The Immuta article emphasizes this type of masking, or pseudonyms, and that sort of thing… And it probably – again, it depends on the data type. Maybe if you’ve got an image with people’s faces in it, maybe that’s a different scenario than if you have sort of a text field with a name in it, and you can replace the name. It’s maybe more difficult to replace a – I mean, there are ways now, of course… Maybe this is another positive use of the deep fake sort of methods; you can replace faces and images, and that sort of thing… But there’s probably certain methodologies, like facial recognition, which by their very nature are identifying methodologies. The whole point of facial recognition is to identify someone, right?
So there’s probably a range of scenarios as well where if I’m just trying to predict a marketing campaign or something like that, maybe the sort of obfuscation and masking methods are really relevant. If I’m actually though trying to identify a face for a security reason in my building or something, I am actually trying to identify someone… And that probably brings up other issues of how you log that and store that identification, which we can talk about.
Yeah, it gets complicated in that way. Kind of going back, building on your last point a little bit there, it goes back to the use case. It goes back to who is using that data. Is the government that you happen to fall under, in whatever country you’re in, are they looking for facial recognition? Or is this your Nest doorbell, and you’ve made an accommodation? It’s pretty crucial, and it’s pretty hard.
From an identification standpoint, I think your airline example a few minutes ago was really pertinent, in that it’s very easy for a user who may be making a choice about offering their data to misunderstand that they may look at the data that they’re giving up and go, “This is okay. This isn’t too much.” But if the model creator is combining that data, they’ve chosen to give up with other data, a lot of privacy can be compromised by combining different data types together, that may not be part of that initial thing; it may be something that you already have available, or from another source… So it gets challenging.

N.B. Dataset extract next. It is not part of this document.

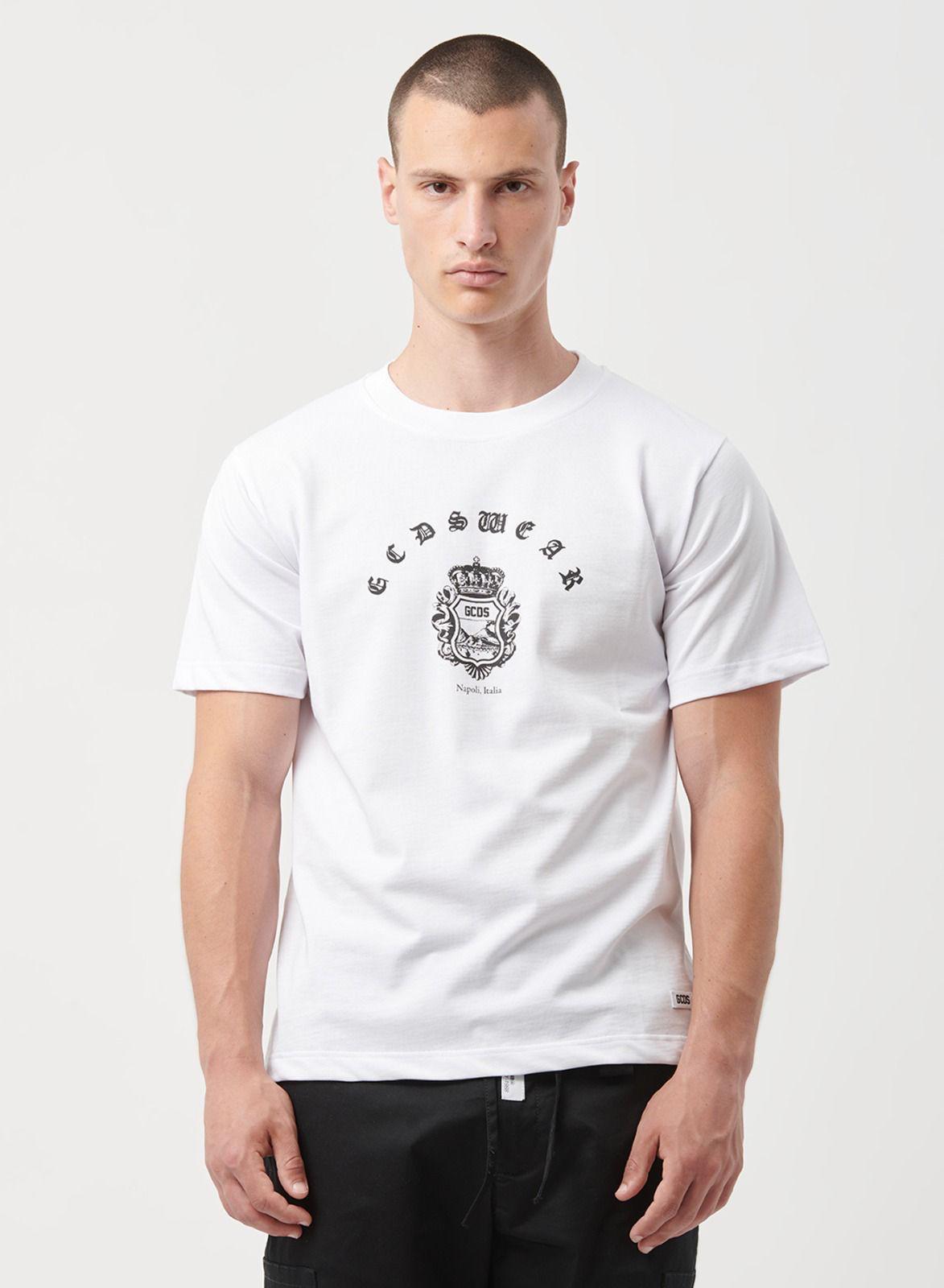 חולצה כיתוב GCDS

The challenge that you brought up, Chris, around the expectations of users, of how their data is going to be used or combined with other things - it’s a really challenging one. That can get really complicated. I’m thinking of, even in my own scenario - we’ve had discussions before, because maybe we’ve got a recording from someone across the world, some language recording in our archives, and they gave permission for that data to be used, or collected and stored in the archive, for language documentation purposes, or something like that, right? Maybe we no longer have access to that person, so we can’t get their explicit permission to use that in any other way, even though we know, “Well, this would be useful to add to an AI dataset.” We’re talking about that all the time internally on our team, like “When the data collected was collected - that’s a very crucial time to help the company express to the user how their data is going to be used, and have the user understand and have agency over that.” But also, that brings up the additional point that you could give them a long list, a Terms and Conditions thing that no one’s going to read. Right? Is that really giving them control over how their data is being used? Because for any reasonable person, you could assume that they’re not going to read through all that.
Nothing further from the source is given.